Em As vontades do vento, livro finalista do Prêmio LeYa 2024, Jozias Benedicto nos presenteia com uma obra que apresenta o que a literatura tem de mais valioso. No romance, o leitor é também um criador ativo da trama. A história é de uma família que vive em uma cidade do interior, entre a Amazônia e a aridez do Nordeste.
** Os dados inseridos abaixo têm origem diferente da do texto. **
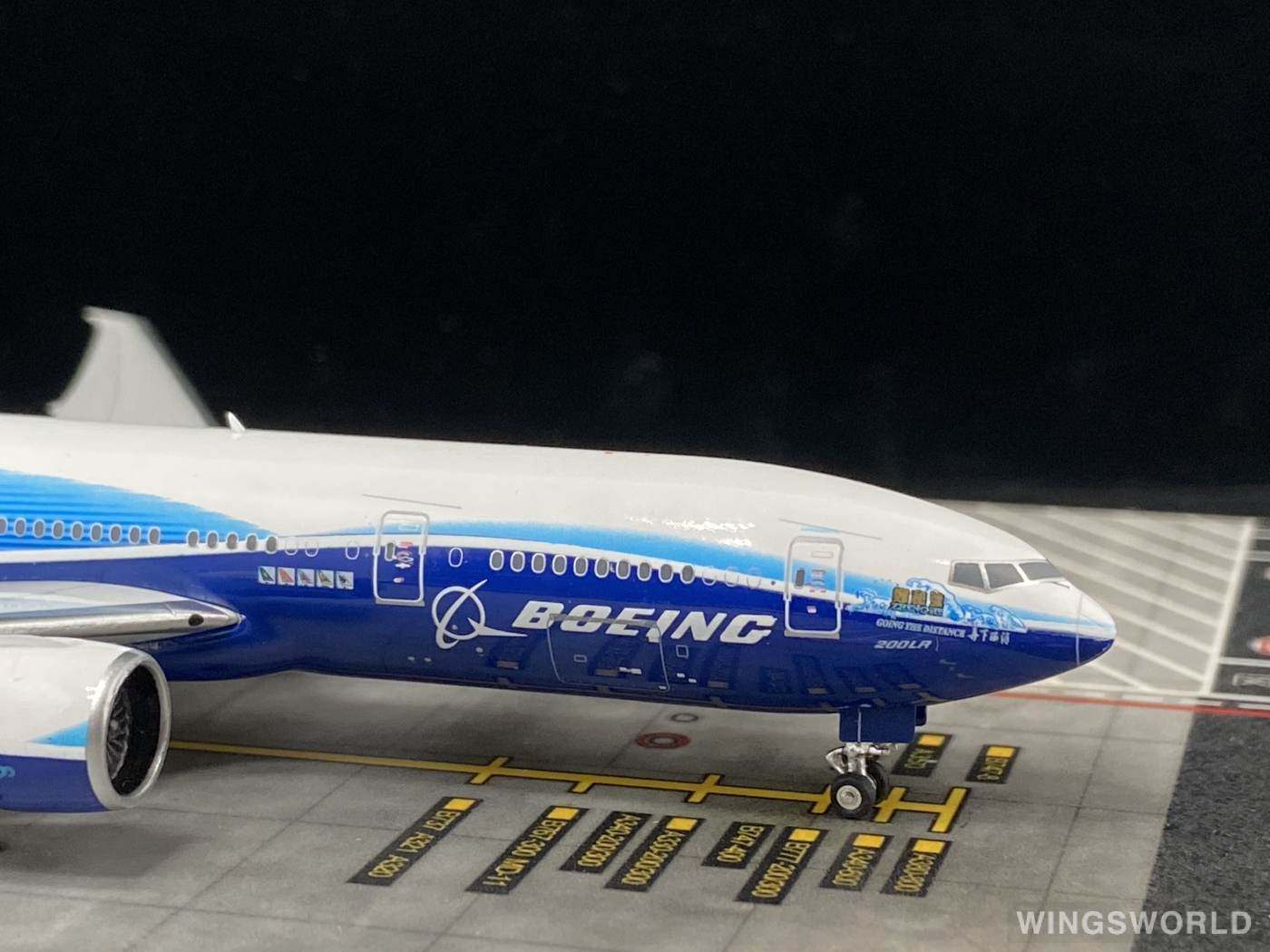 Phoenix 1:400 PH11445 Boeing 波音公司 Boeing 777-200 N6066Z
A partir da vontade da mãe, depois de morta, de comemorar seu aniversário em viagem à capital do estado, a trama se constrói com as narrativas dos vários personagens:
a da mãe, do pai, dos três filhos meninos tão diferentes, das cartas da avó, do tio monsenhor, da ruiva e suas premonições, de suas filhas iguais e diferentes como duas gotas d’água, e do senhor fotógrafo e sua mágica.
Cada um revelando sua trajetória, seus desejos, angústias, sonhos e decepções. Assim, o leitor é convidado a participar de um jogo literário, criando a história que lhe aprouver. Ou as várias histórias possíveis. Ora nos aproximamos da narrativa de um personagem, ora de outro. Ora construímos uma história para ali adiante construirmos outra. Somos folhas deliciosamente soltas ao vento, como no trecho do Evangelho que serve de epígrafe para o romance:
O vento sopra onde quer.
Você o escuta, mas não pode dizer
de onde vem nem para onde vai
As vontades do vento também é um livro político. O romance nos transporta para o passado de um Brasil que ainda se faz presente, carregado de ódios pretéritos. Um país que não conseguiu fazer a travessia para um futuro promissor, porque teima em esquecer seu passado.
Dizem que as mães não morrem, afirma o autor. Sem conhecer nossas ancestralidades, não encontramos rumo. Esquecer é morrer, repete uma personagem que precisa resgatar seu passado, para seguir adiante.
E o que falar da forma, da força literária de Jozias, da prosa poética, da leveza da escrita e da sonoridade da poesia que encontramos em cada parágrafo? O autor, com um domínio absoluto da linguagem e da técnica narrativa, transpõe a estrutura do conto para a narrativa longa. O romance traz, na singularidade de cada capítulo, as diversas vozes, os diversos lugares, cheiros e ambientações, tanto de um vilarejo do interior do país, quanto das grandes cidades modernas, sem perder o contexto geral do que se quer contar.
Mergulhar em As vontades do vento é abandonar-se a uma leitura que ora encanta, ora desafia. Desperta a imaginação do leitor e o transforma em sujeito criativo. Talvez seja justamente esse um dos papéis centrais da literatura. Talvez.